- Citizenship: Uganda
- Education: PhD (Linguistics) University of Western Cape, South Africa, Masters Of Education (Language and Literature Education) Makerere University, Bachelor of Arts with Education Makerere University
- Alma mater: University of Western Cape, Makerere University
- Known for: Multi-lingual activism
- Title: Owek. Dr.
- Successor: Cotilda Nakate Kikomeko
- Board member of: Board member for British Association for International and Comparative Education (BAICE) and International Literacy Association (ILA)

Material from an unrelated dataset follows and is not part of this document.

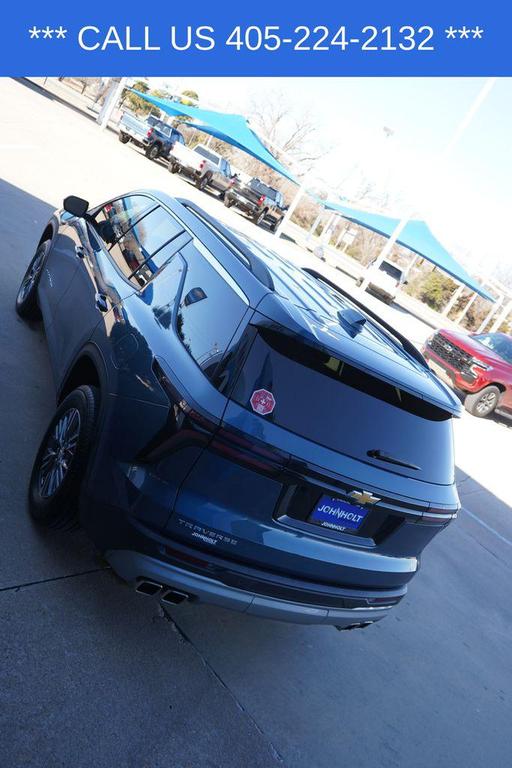used 2025 Chevrolet Traverse car, priced at $36,723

= Prosperous Nankindu Kavuma =

Buganda Kingdom minister

Prosperous Nankindu Kavuma is an teacher, researcher, and author. She is the former minister of social services and the office of Nnaabagereka in Buganda Kingdom.

== Background and education ==
She holds a PhD in linguistics from the University of the Western Cape, South Africa, a Masters Of Education degree in Language and Literature Education from Makerere University, Uganda and a Bachelor of Arts degree in Education from Makerere University, Uganda. She attended St. Joseph's S.S. Kakindu for her Advanced Level Education and Mityana S.S Namukozi in Mityana, Uganda for her Ordinary Level education.

== Career ==
Between 2019 and 2023 Nankindu served as a cabinet minister overseeing Social services and the Office of the Nnaabagereka in the Kingdom of Buganda, Uganda. Prior to that, from 2016 to 2019, she served as the Minister of State for Education. She holds positions on several boards and is a member of professional organizations such as the British Association for International and Comparative Education (BAICE) and the International Literacy Association (ILA).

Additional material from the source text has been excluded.